Startups in regions affected by geopolitical tensions, such as Europe and the Middle East, might also face the hardships of food scarcity and deepened supply chain issues. These unprecedented circumstances have hard-hitting effects on national economies, making it even harder for startups to succeed. In fact, cyber threats could add to these challenges, as the food and agriculture sectors aren’t spared from the rising ransomware attacks.
One final risk that can exacerbate other real-world issues is cybersecurity incidents in logistics companies. A simple denial of service or ransomware attack that encrypts systems could be enough to create massive supply chain disruptions. Radiant Logistics experienced it in March 2024, when their Canadian services suffered a denial of service, leading them to halt operations in that country and experience service delays.
While the impact on Radiant was financially small, according to the company, unprepared logistics and transportation companies, or even smaller startups, could have a different fate if their risk management strategy wasn’t as resilient.
From Panic to Plan: What Startups Can Do
Foreseeing potential industry risks and planning to minimize them is vital for today’s startups. This is the crux of risk management, which typically involves companies undergoing risk identification, analysis, evaluation, tracking, and treatment to become more resilient in the face of threats.

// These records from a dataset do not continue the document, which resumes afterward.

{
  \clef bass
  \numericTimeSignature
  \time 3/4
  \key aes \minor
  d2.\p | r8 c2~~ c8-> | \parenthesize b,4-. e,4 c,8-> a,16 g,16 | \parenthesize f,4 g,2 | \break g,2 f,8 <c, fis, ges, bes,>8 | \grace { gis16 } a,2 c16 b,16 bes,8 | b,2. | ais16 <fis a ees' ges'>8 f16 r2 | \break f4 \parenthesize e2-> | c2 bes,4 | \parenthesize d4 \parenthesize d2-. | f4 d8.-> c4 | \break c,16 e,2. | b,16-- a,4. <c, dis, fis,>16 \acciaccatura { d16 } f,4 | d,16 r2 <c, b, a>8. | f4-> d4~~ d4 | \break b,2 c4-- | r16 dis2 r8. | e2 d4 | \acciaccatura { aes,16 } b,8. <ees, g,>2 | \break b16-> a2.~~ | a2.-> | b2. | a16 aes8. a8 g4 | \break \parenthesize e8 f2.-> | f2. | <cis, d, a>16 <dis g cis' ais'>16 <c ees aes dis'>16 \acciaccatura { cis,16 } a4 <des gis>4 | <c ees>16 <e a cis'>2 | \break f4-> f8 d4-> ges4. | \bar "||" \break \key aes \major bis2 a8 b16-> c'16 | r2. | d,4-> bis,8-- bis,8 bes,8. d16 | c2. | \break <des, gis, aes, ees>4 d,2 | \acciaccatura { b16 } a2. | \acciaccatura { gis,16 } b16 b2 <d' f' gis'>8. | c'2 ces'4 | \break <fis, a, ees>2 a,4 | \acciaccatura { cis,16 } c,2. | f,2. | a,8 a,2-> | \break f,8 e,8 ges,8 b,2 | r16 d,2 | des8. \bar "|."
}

Stronger Supplier Practices
When it comes to supply chain risk management, diversifying and building buffer inventory. Don’t put all your eggs in one basket — if something were to happen to one supplier, your operations would suffer. Instead, source your materials from multiple places so you have a contingency plan if one of them faces hardships. Likewise, while just-in-time is ideal for lean strategies, it’s simply not sustainable in times of supply chain strife. In this case, it’s best to have buffer inventory in case a supplier runs short or late due to disruptions or scarcity.

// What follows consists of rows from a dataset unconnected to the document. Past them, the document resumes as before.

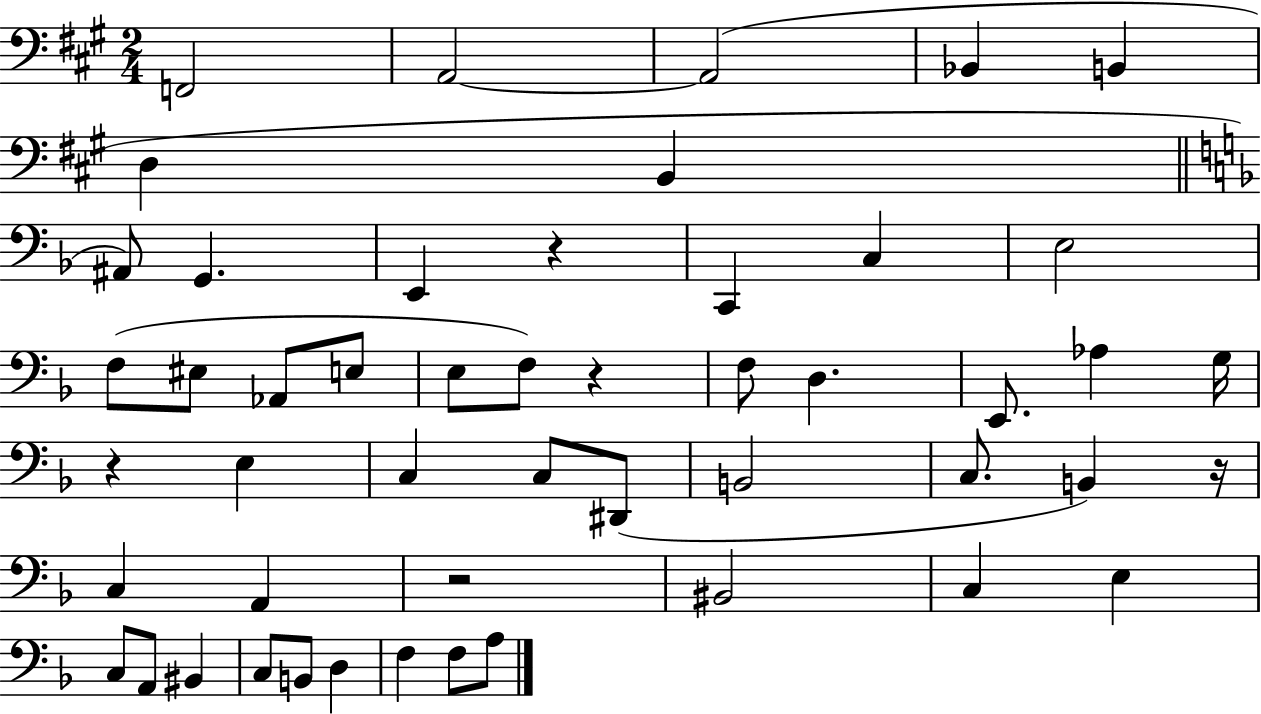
{
  \clef bass
  \numericTimeSignature
  \time 2/4
  \key a \major
  f,2 | a,2~~ | a,2( | bes,4 b,4 | \break d4 b,4 | \bar "||" \break \key d \minor ais,8) g,4. | e,4 r4 | c,4 c4 | e2 | \break f8( eis8 aes,8 e8 | e8 f8) r4 | f8 d4. | e,8. aes4 g16 | \break r4 e4 | c4 c8 dis,8( | b,2 | c8. b,4) r16 | \break c4 a,4 | r2 | bis,2 | c4 e4 | \break c8 a,8 bis,4 | c8 b,8 d4 | f4 f8 a8 | \bar "|."
}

Creating clear communication channels and being open with your suppliers will reinforce your relationship and make for better business. The more you understand each other’s needs, the better the workflow will be.
Cybersecurity Must-Haves
You can’t leave cybersecurity behind as you tackle risk management strategies around your supply chain. This doesn’t mean you have to be an expert on the matter overnight, but rather, seek out the right people to point you in the right direction and help you enforce healthy cybersecurity practices.
This means hiring IT staff or outsourcing this service, provided it includes standard measures like multi-factor authentication (MFA), regular backups, endpoint security, and employee cyber awareness training.
Insurance Safety Net
When all else fails, startups can still fall back on Business Interruption (BI) insurance. This coverage compensates financial losses when business operations come to a halt or aren’t at full capacity due to unforeseen events, such as cyber attacks or supply chain disruptions. Insurers know bills don’t stop coming for startups despite their best efforts to avoid risks — BI insurance has your back.

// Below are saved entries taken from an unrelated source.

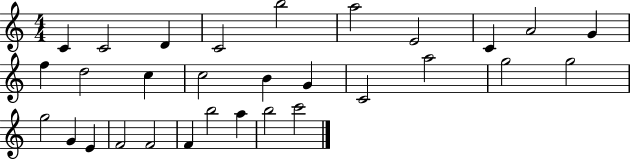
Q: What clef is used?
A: treble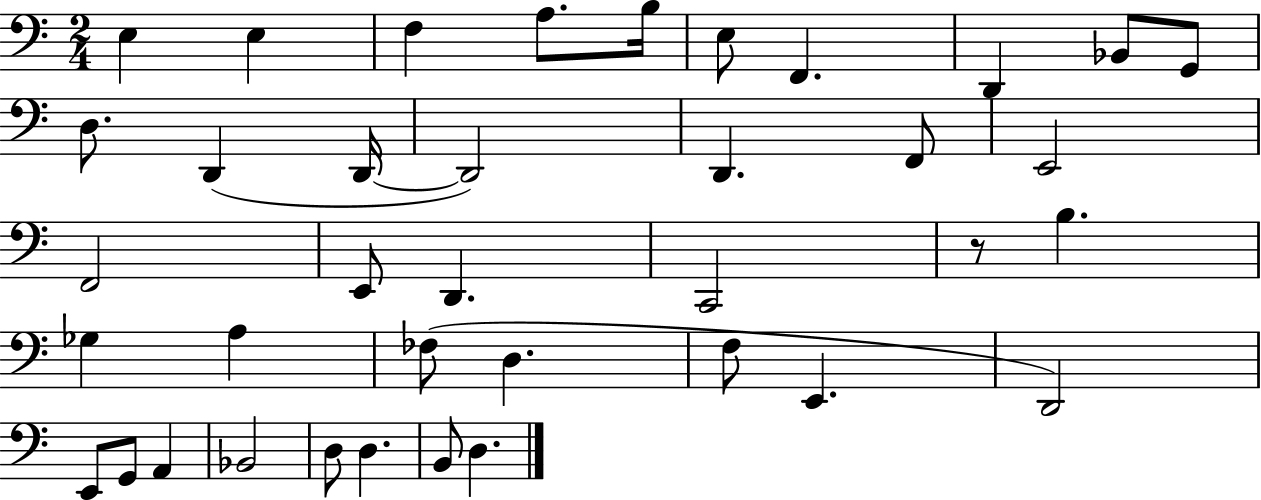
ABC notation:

X:1
T:Untitled
M:2/4
L:1/4
K:C
E, E, F, A,/2 B,/4 E,/2 F,, D,, _B,,/2 G,,/2 D,/2 D,, D,,/4 D,,2 D,, F,,/2 E,,2 F,,2 E,,/2 D,, C,,2 z/2 B, _G, A, _F,/2 D, F,/2 E,, D,,2 E,,/2 G,,/2 A,, _B,,2 D,/2 D, B,,/2 D,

Discussing this coverage in your insurance package is especially important when you’re aiming for rapid growth and scalability, which is what startups are made for.
Knowing industry risks and preparing for them are signs of a committed startup that shoots for the stars while still having a backup plan. Cyber attacks have affected even the most prepared and secure startups, and supply chain issues are part of the external risks companies might suddenly face in such a volatile world. Being ready with risk identification and mitigation and discussing your needs with insurance brokers can be the best cushions to keep your business as safe as possible.